Perhaps even more concerning than SEO-hacking by corporate interests and political disinformation, however, is the recent adoption by Canadian law enforcement agencies of predictive policing and algorithmic surveillance technologies. These technologies in themselves are not without merit but they have been implemented with almost no scrutiny by media or legislators and thus their potential to perpetuate and magnify systemic discrimination through entrenched feedback looping has gone almost completely unanalyzed. When, in the summer of 2020, the University of Toronto’s Faculty of Law reviewed the practices of several police forces across Canada who had adopted such technologies, they recommended an immediate nation-wide moratorium on all algorithmic policing technologies pending a comprehensive review through judicial inquiry. Their report specifically cited the need for transparency in the development and implementation of such technologies.
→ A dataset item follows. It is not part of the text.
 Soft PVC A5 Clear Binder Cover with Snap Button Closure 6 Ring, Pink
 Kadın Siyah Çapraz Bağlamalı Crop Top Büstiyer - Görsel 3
These examples are not meant to be evidence for a kind of techno-nihilism. There is no question that the Artificial Intelligence we benefit from by using digital algorithms to compute mass-quantities of information enables us to make rapid decisions we otherwise would not be able to make. Algorithmic amplification was one of the first tools researchers turned to in the search for a vaccine to COVID-19. Arguably the necessity of algorithmic amplification to make decisions increases concomitantly to the escalating importance of those decisions. Put more simply, the more important the decision, the more data we need to process in order to make it an informed decision. This is the best argument for demanding transparency in big tech’s use of algorithms. And there are policy answers out there. The U of T investigators recommended police forces produce “algorithmic impact assessments” before implementing new data-driven policing techniques as well as publish annual reports that disclose details about how algorithmic policing technologies are being used, including information about any associated data. Such policy tools would allow the public to have an informed debate about the merits and dangers of such technologies. Legislating similar requirements across algorithm-enabled industries would bring some order to the chaos that is often found in cyberspace and which is, unfortunately, spilling over into the real world with increasing frequency.